One of the best known results in queuing theory is known as Little’s law, which established a fundamental relationship between the number of items in the system \(L\), the arrival rate \(\lambda\) and the average time spent in the system \(W\):

\[ L=\lambda\times W \tag{4.1}\]

This relation holds true regardless of the probability distributions involved. Figure 4.1 shows a geometric visualization of Little’s Law.

Figure 4.1: Geometric Visualization of Little’s Law

In this plot, we represent a realization of a \(M/M/1\) process where the cumulative arrivals are denoted by \(A(t)\) and the cumulative departures by \(D(t)\). From the horizontal perspective (the customer’s view), each horizontal section represents the arrival and departure of an entity (e.g. in the plot the green line represents the total time \(W_5\) that Entity 5 spent in the system). If we sum for all \(N\) customers, and we denote by \(W\) the average total time per customer, we get an estimation of the total system time (the grey area) of \(\approx N\times W\).

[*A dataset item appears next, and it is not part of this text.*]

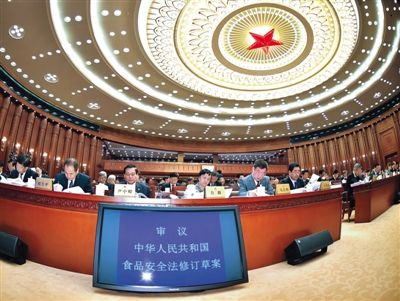 昨日，食品安全法修訂草案提交十二屆全國(guó)人大常委會(huì)第十四次會(huì)議進(jìn)行三審。 新華社記者 李濤 攝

From the vertical perspective, each vertical section represents a moment in time, with its length equal to the number of entities in the system. If we now sum for all times, we also get an estimation of the total system time of \(\approx T \times L\), where \(T\) is the duration of the simulation and \(L\) is the average number of entities in the system. Equating both, we get:

\[ N\times W = T\times L \]

and therefore

\[ L = \frac{N}{T}\times W \]

where \(N/T\) is exactly the arrival rate \(\lambda\), and we thus get Equation 4.1.

4.2.4 Example: The M/M/1 Queue

As an example, we now calculate \(L\), \(L_q\), \(W\) and \(W_q\) explicitly for the case of an \(M/M/1\) queue. For the arrivals, we assume a Poisson process with rate \(\lambda\), exponential service times with rate \(\mu\) and 1 server. This results in an utilization of \(\rho=\lambda/\mu\) and we assume \(\rho<1\) so that the queue remains stable.

The steady state probability \(P_n\) becomes then

\[ P_n=(1-\rho)\rho^n \]

where \((1-\rho)\) is the probability that the system is empty. The length of the system \(L\) becomes then:

\[ L=\sum_{n=0}^\infty n\cdot P_n = \sum_{n=0}^\infty n\cdot (1-\rho)\rho^n=(1-\rho)\sum_{n=0}^\infty n \rho^n \]

because this is a geometric summation, we get

\[ L=(1-\rho)\frac{\rho}{(1-\rho)^2}=\frac{\rho}{(1-\rho)}=\frac{\lambda}{\mu-\lambda} \]

Using Little’s Law, we can now easily find \(W\):

\[ W=\frac{L}{\lambda}=\frac{1}{\mu-\lambda} \]

Similarly, the total time in the queue \(W_q\) can be calculated as follows:

\[ W_q = W-\frac{1}{\mu}=\frac{1}{\mu-\lambda}-\frac{1}{\mu}=\frac{\lambda}{\mu(\mu-\lambda)} \]

Applying Little’s Law for the queue (\(L_q=\lambda W_q\)), we get:

\[ L_q=\frac{\lambda^2}{\mu(\mu-\lambda)} \]

4.2.5 Summary

We have now seen the basic definitions behind Queuing Theory and the main performance measures that we seek to optimize. Depending on the actual form of the system (\(M/M/1\), \(M/M/c\), etc.) each measure takes a specific analytical form that can be calculated explicitly. However, with increasing complexity it becomes more difficult to get exact analytical expressions for these quantities. For these scenarios, we use DES as a simulation tool as we will explore in the next sections.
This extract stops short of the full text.